Without labor, no crops. Without rain, no crops. It was world-wide crop failures that finally brought the lean years of the nineties. The return of big crops was already reviving the sick world. It rejected the radicals' “remedy” and next year it was well. Had we taken that wrong medicine in the dark it would have killed us. Thirty years later Russia let them shoot that medicine into her arm and it paralyzed her. The rain falls upon her fields and the soil is rich, but it brings forth no harvest and the people starve.
Russia has had famines before, but they were acts of God. The rain failed and there was no harvest. Their present famine is an act of man. Labor ceased. And the ensuing hunger was man's own fault. Nations that think labor is a curse, and adopt schemes to avoid labor, must perish for their folly.
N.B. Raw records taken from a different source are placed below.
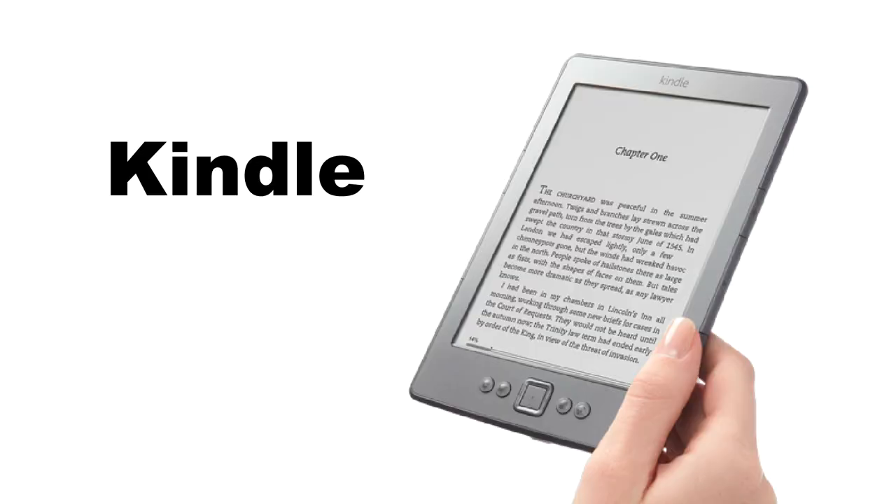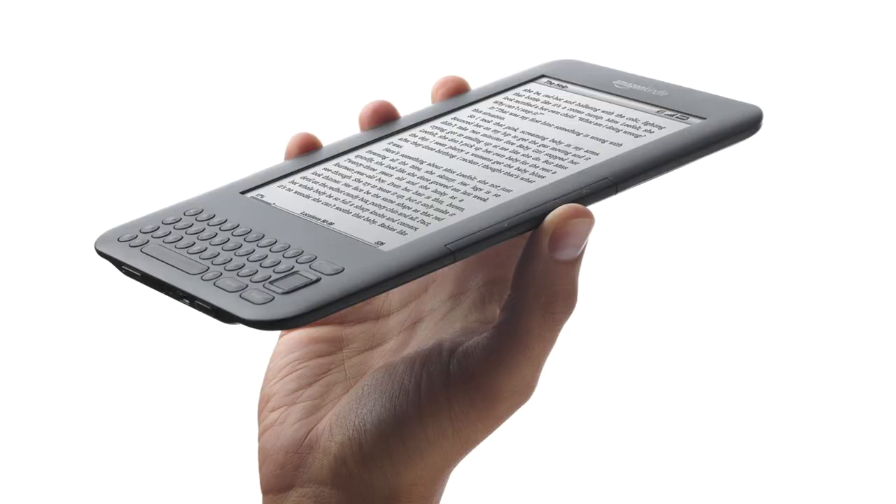Let's start with the fourth generation Kindle. It's less than six ounces and it fits in your pocket. There's two gigabytes of storage, which can hold over a thousand books. The matte screen reflects light like ordinary paper and uses no backlight, so you can easily read in bright sunlight. The text is sharp and the images are crisp.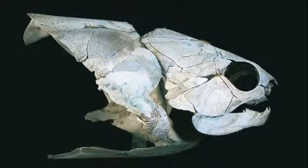Ahlberg also found that each placoderm had two pairs of muscles reaching from its shoulder girdle to the top of its head. These muscles would have pulled the head up and down with the help of a hinge joint linking the head to the shoulders.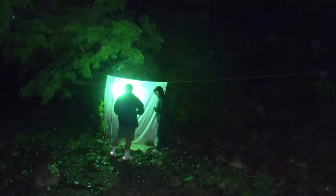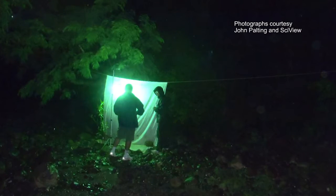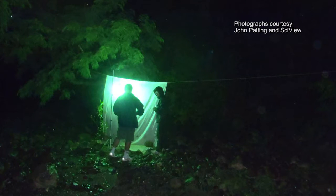My name is John Pulting. I'm from the University of Arizona Department of Entomology, and I have always been fascinated with insects, but especially moths. One of the things I do is go out with lights to attract moths at night and study them.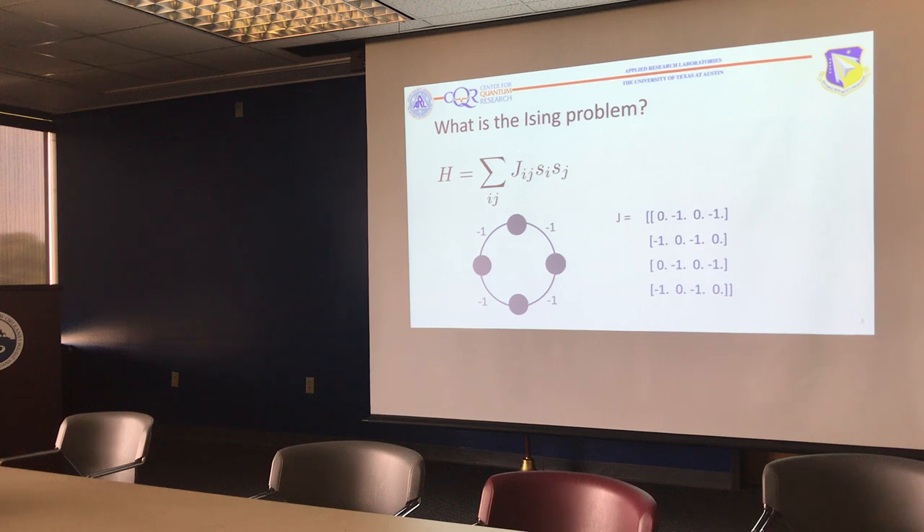The J matrix basically fully characterizes the problem, so when I say that in polynomial time you can map an NP problem to the Ising model, what I'm really saying is that you can figure out what this J matrix would be for some problem. And then the spin state of S_i and S_j gives you the solution to the problem.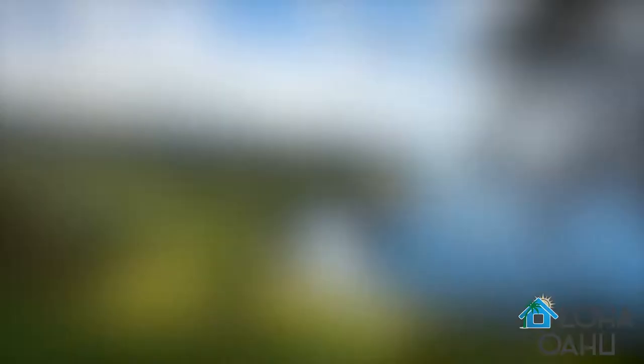Finally, a lot of people know the Big Island, which is the state's namesake. The island of Hawaii is well known for its active volcano, Kilauea. Each island has its own history, but pronouncing it correctly is a great starting point.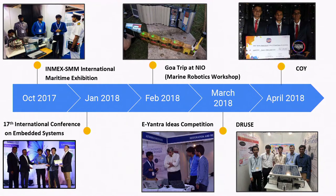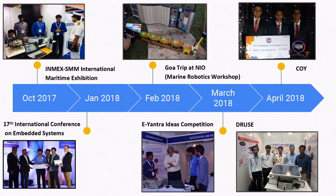With that first prototype, we actually won the first prize at the 17th International Conference on Embedded Systems. From there we also went to a maritime exhibition where we met Navy officers, and they told us what the requirements are — what you should think about when you're doing this project.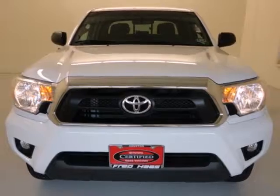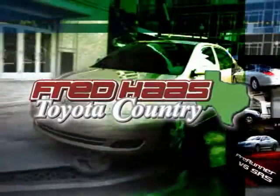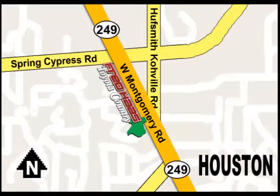Invest in durability and stop in for a test drive today. With over a thousand vehicles in stock, we're sure to have what you're looking for. Fred Haas Toyota Country, Highway 249 at Spring Cypress, just two miles north of Willowbrook Mall.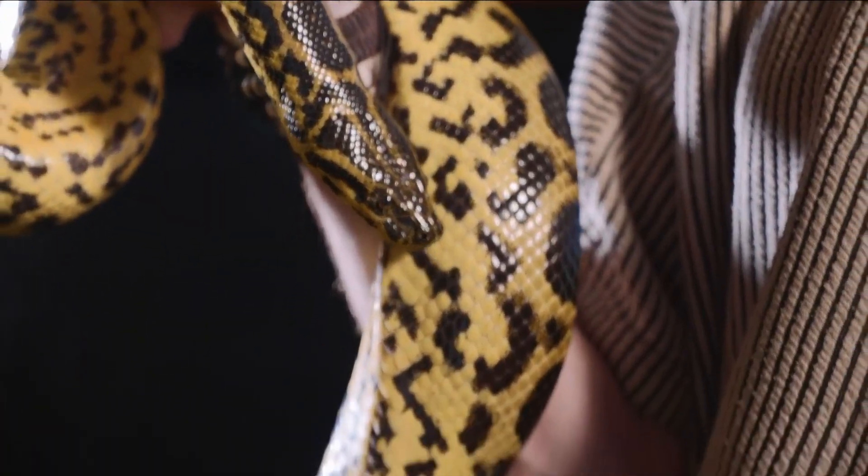Dogs and cats are one thing — you ever see anything really crazy go through here? We see birds, fish, reptiles. A few months ago at Tampa, somebody showed up with a boa constrictor in a carry-on bag, claiming it was their therapy boa constrictor. We saw that on the x-ray. It was denied boarding.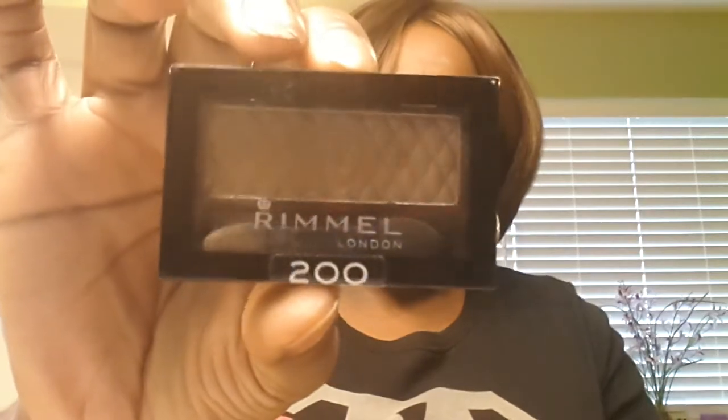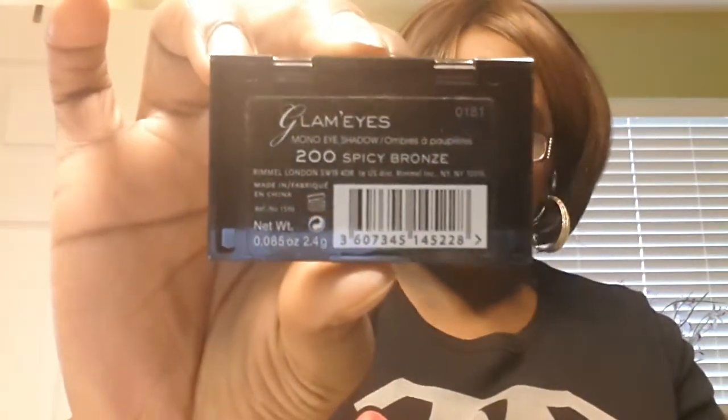Then I used my Revlon Colorstay Normal to Dry Skin in Cappuccino 410 for my foundation. I think I might have done this backwards — I think I put my eyeshadow on first, but it doesn't matter. I used my Rimmel London 200 called Spicy Bronze. It's a nice, pretty, shimmery gold.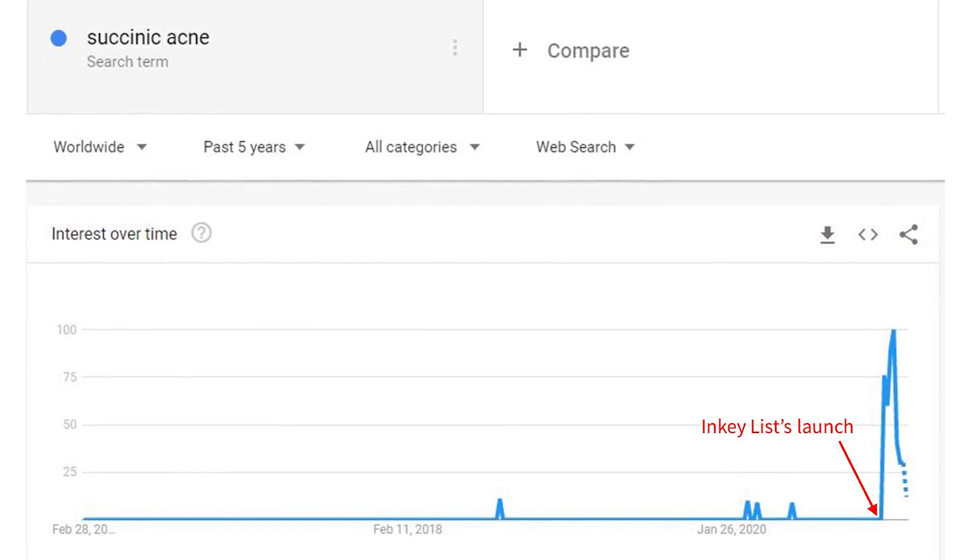Inkey have chosen an ingredient that they pretty much have a monopoly on. A lot of brands do choose ingredients no one else is using because there's a novelty factor. Putting ingredients into products without a lot of evidence is nothing new — if everything had to be tested properly we'd all be using about three products. But the big difference here is that this product is actually regulated as a drug in the US. If you turn the packaging over you can see the drug facts label, and that's why Inkey are allowed to have the word 'acne' in the name. Acne is a medical condition and you're only allowed to make products that claim to treat it if they're drugs.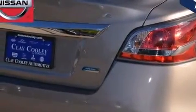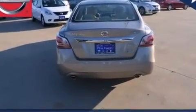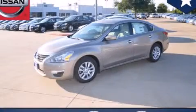With an EPA estimated rating of 38 miles per gallon on the highway, fuel efficiency is still high on the list of priorities. Stop by today and test drive this vehicle for yourself.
In 1896 we came within an inch of adopting financial bolshevism. This taught me that a people are poorly schooled who can not tell the good from the bad. The wise heads knew what was good for the country. Hard work and good crops would cure our ills. But millions voted for a poison that would have destroyed us. From that time on I dreamed of a new kind of school, not the kind we had that turned out men to grope blindly between good and folly. But a school based on the fundamental facts of life and labor, the need of food and housing, and the sweating skill that brings man most of his blessings. A school from which no man could come out ignorant. That school should teach the eternal facts, and he that denied the facts would then be known for a fool or a rogue—and not be thought a Messiah.
I love sentiment, and I believe in God. And I believe that facts are God's glorious handiwork. “Ye shall know the truth, and the truth will set you free.” The man who shuns realities because they belittle him is on the wrong road; he is hopelessly lost from the beginning.